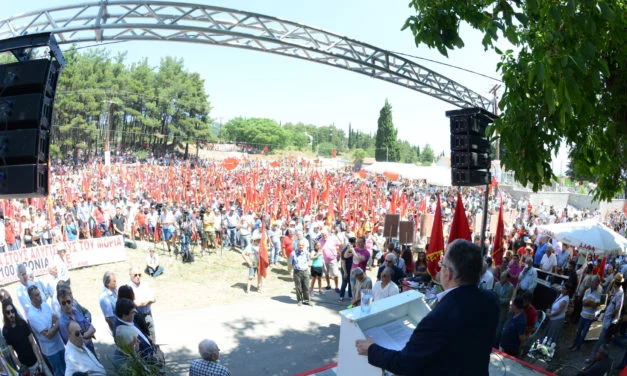 Griekse jongeren eren de helden uit de klassenstrijd op anti-imperialistisch kamp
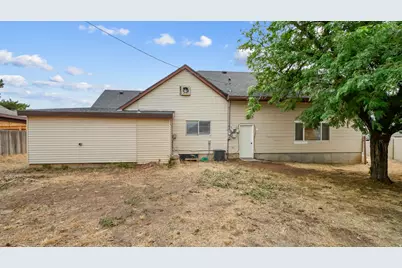 960 W 100 S, Orem, UT 84058 - Photo 19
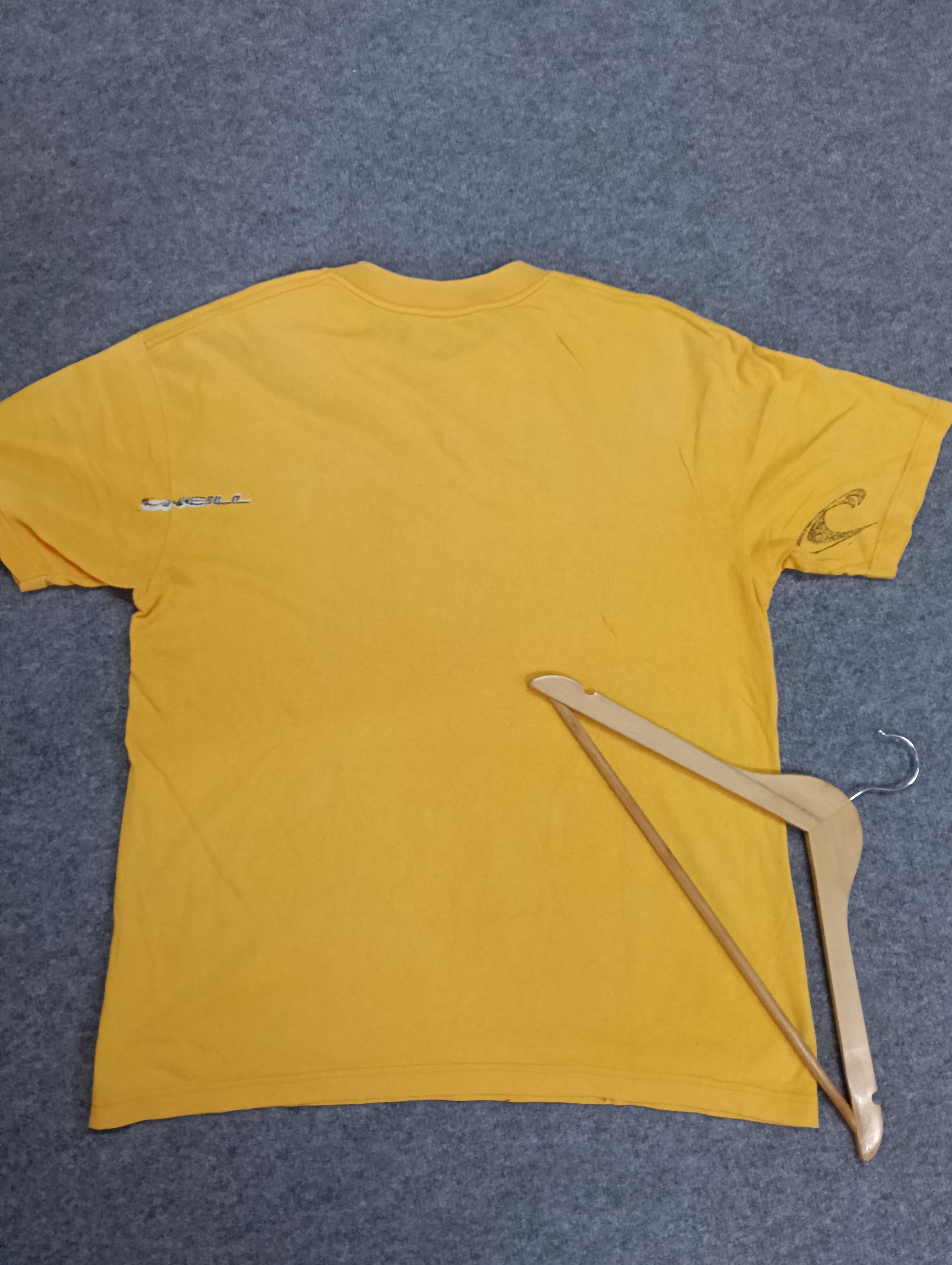 O'Neill Vintage O'Neil yellow Tshirt. Size US M / EU 48-50 / 2 - 4 Thumbnail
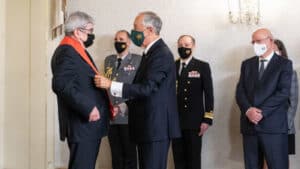 Marcelo condecora Ferro Rodrigues com grã-cruz da Ordem Militar de Cristo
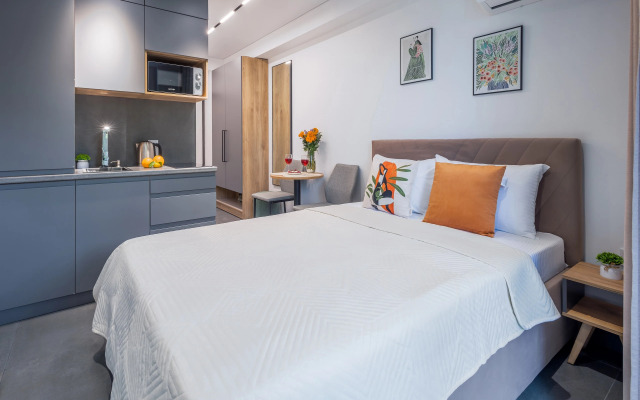 Квартира с бассейном на территории МореСолнцеАпарт 4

-=-=-

#### Exercise goal
Please write every line above out exactly as given, except for any pictures.

#### Task solution
 Griekse jongeren eren de helden uit de klassenstrijd op anti-imperialistisch kamp
 960 W 100 S, Orem, UT 84058 - Photo 19
 O'Neill Vintage O'Neil yellow Tshirt. Size US M / EU 48-50 / 2 - 4 Thumbnail
 Marcelo condecora Ferro Rodrigues com grã-cruz da Ordem Militar de Cristo
 Квартира с бассейном на территории МореСолнцеАпарт 4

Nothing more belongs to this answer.